La frase «cuando los acontecimientos cambian, yo cambio mi opinión», atribuida al economista John Maynard Keynes, nos revela aquello que no les fuera revelado a los funcionarios del  gobierno inglés. La revuelta social de este mes, comenzada en Londres y propagada a otras ciudades, los tomó por sorpresa -de acuerdo a sus declaraciones-. No consideraban tal hipótesis de conflicto. Seguramente pensaban en el modelo de relación gobierno-sociedad fundado en el pastorado cristiano, con ovejas sumisas, sin rebeliones de conducta.
Logo de la Marcha: trabajo, crecimiento, justicia.

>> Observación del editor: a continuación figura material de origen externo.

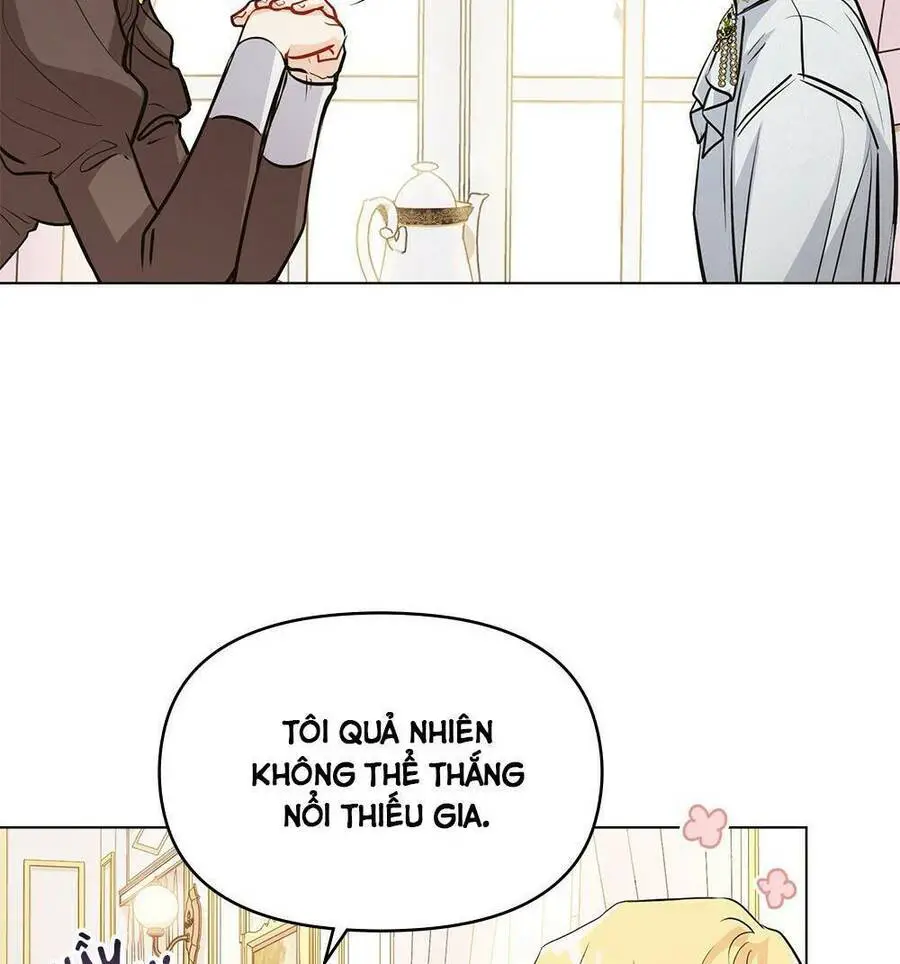 Tìm Lại Camellia Nettruyen ZZZ Chương 18 Page 15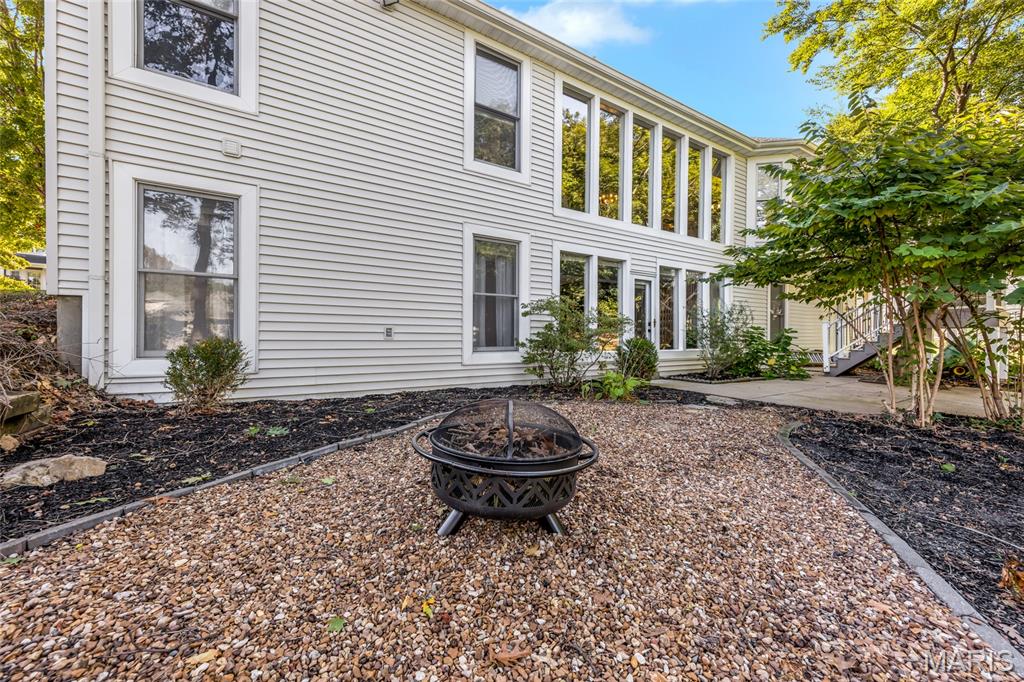 15 Eagles Way Lane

En mayo de 2010, en consonancia con el paradigma neoliberal, el gobierno inglés lanzó un plan de reducción de gastos de 6.200 millones de libras esterlinas para el bienio 2010-11 (BBC News, 24/5/10). En marzo, bajo la consigna Marcha por la alternativa,  en Londres ya había tenido lugar una movilización de cerca de 500.000 personas (The Independent, 26/4/10), protestando contra el discurso gubernamental de que no había alternativa alguna a los recortes presupuestarios. Los movilizados pedían atención a dos puntos centrales: darle voz nacional a todos aquellos afectados por los recortes y, demostrar el rechazo al argumento de que no había alternativa. El plan de gobierno siguió adelante con la decisión sin alternativas. Este drástico plan de austeridad ya les está rindiendo frutos: llevan ahorrados en 10 meses unos 3.750 millones (Sustainable Gov, 1/8/11). El aspecto social, la repercusión en la ciudadanía, es harina de otro costal.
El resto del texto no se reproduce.